-- Opening Marker --
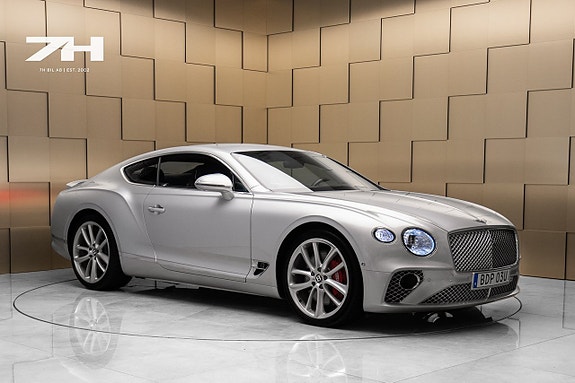 Bentley Continental GT 7 of 29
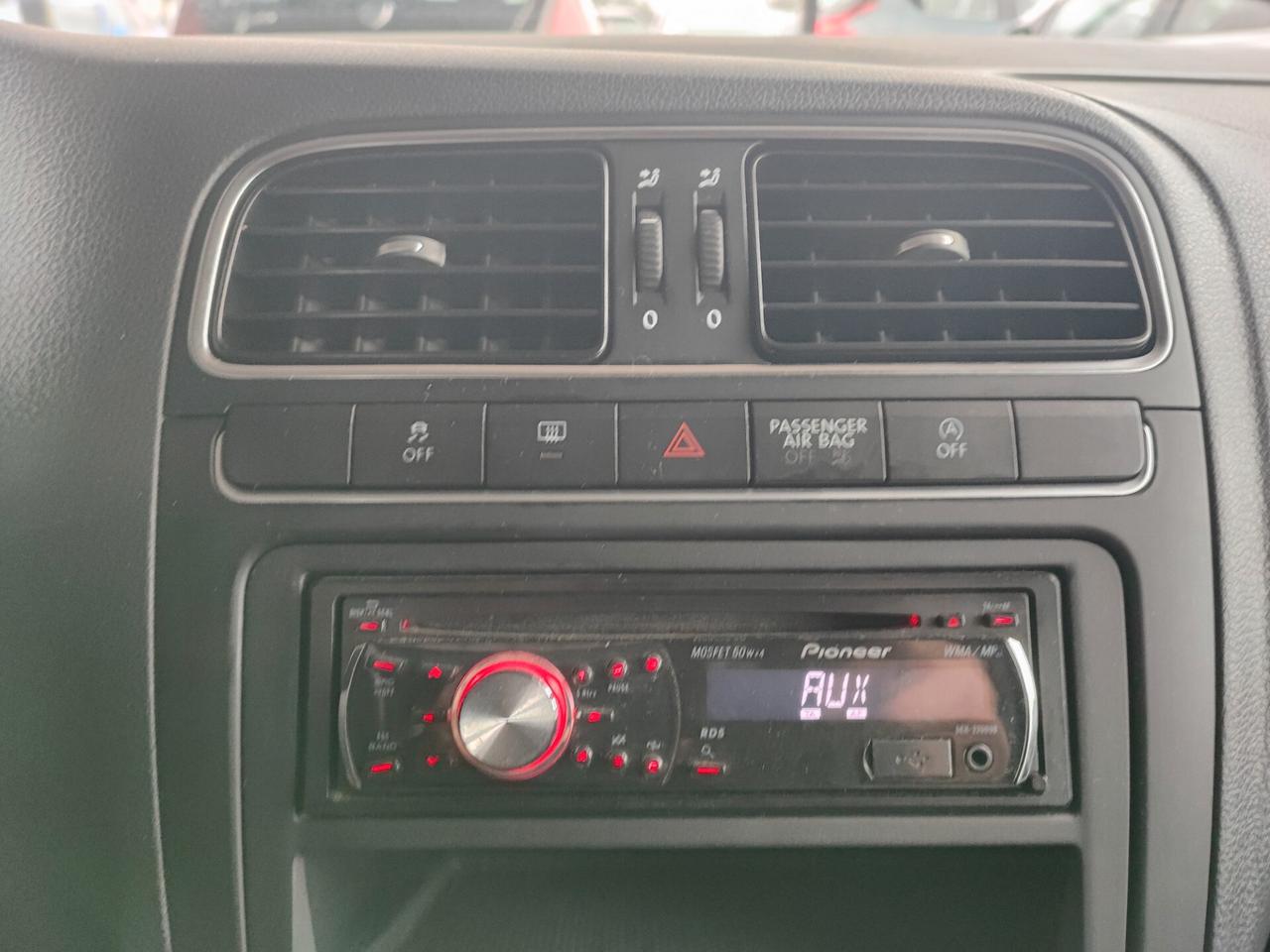 Volkswagen Polo 1.2 TDI DPF 5 p. Comfortline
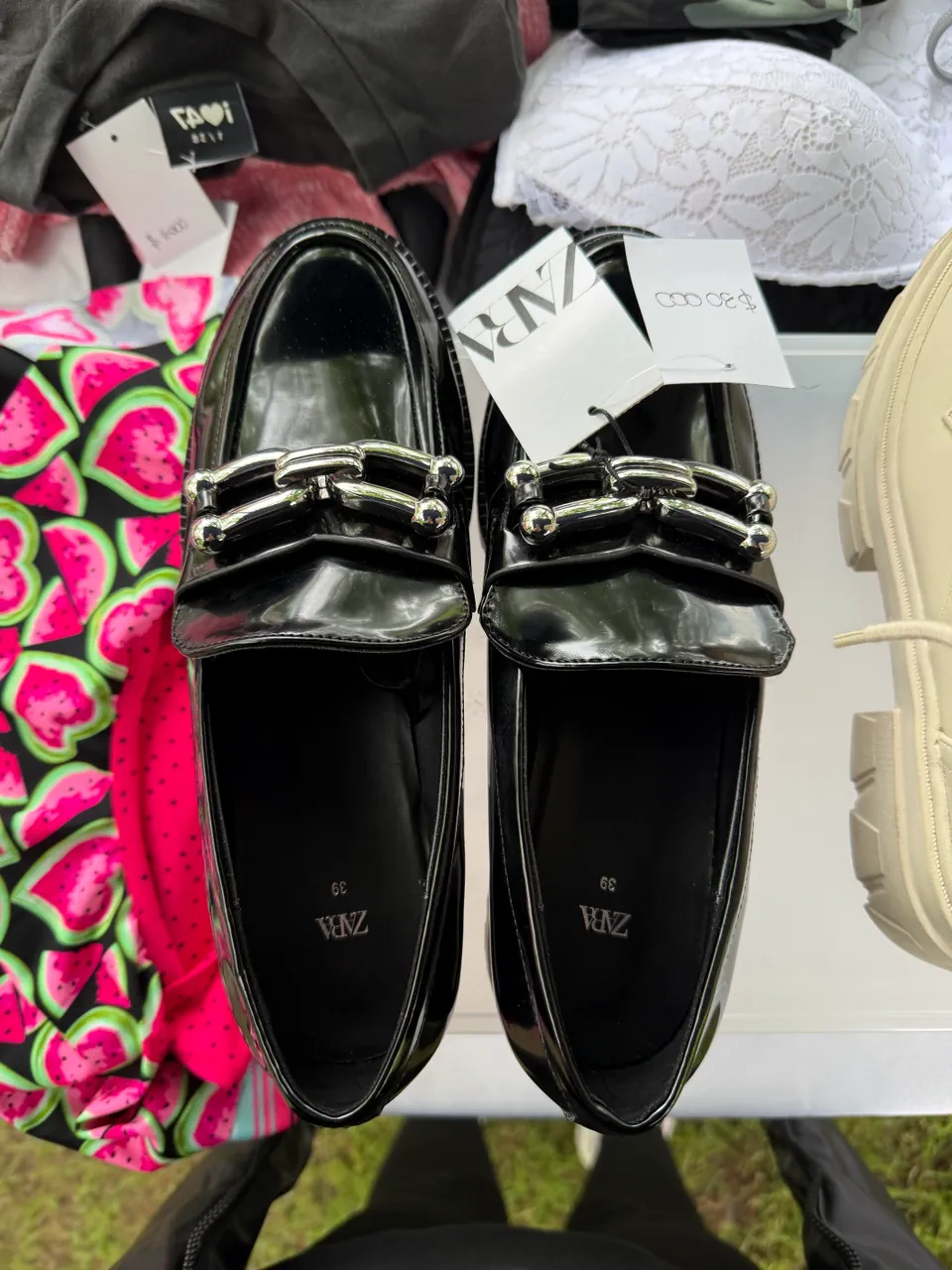Zapatos Zara - imagen 1
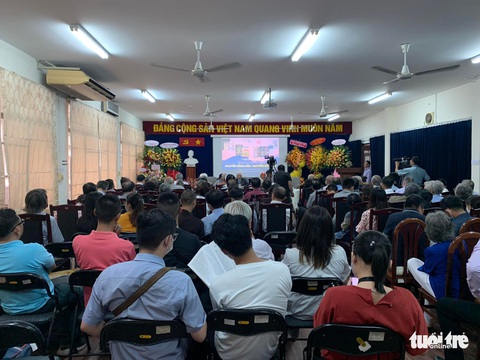 Hai sử gia trăm tuổi Nguyễn Đình Đầu, Nguyễn Đình Tư và cuộc trò chuyện có một không hai - Ảnh 5. Hai sử gia trăm tuổi Nguyễn Đình Đầu, Nguyễn Đình Tư và cuộc trò chuyện có một không hai - Ảnh 5.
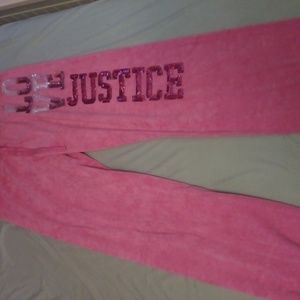 Justice Sweatpants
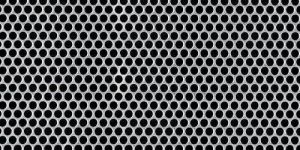 Aluminium Perforated Sheet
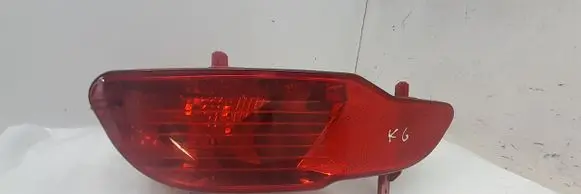 Rear fog light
-- Closing Marker --
» Task instructions: Please give again only the lines from the one containing "Zapatos Zara - imagen 1" through the last line of the entries above, exactly as they stand and without pictures.

» Solution:
Zapatos Zara - imagen 1
 Hai sử gia trăm tuổi Nguyễn Đình Đầu, Nguyễn Đình Tư và cuộc trò chuyện có một không hai - Ảnh 5. Hai sử gia trăm tuổi Nguyễn Đình Đầu, Nguyễn Đình Tư và cuộc trò chuyện có một không hai - Ảnh 5.
 Justice Sweatpants
 Aluminium Perforated Sheet
 Rear fog light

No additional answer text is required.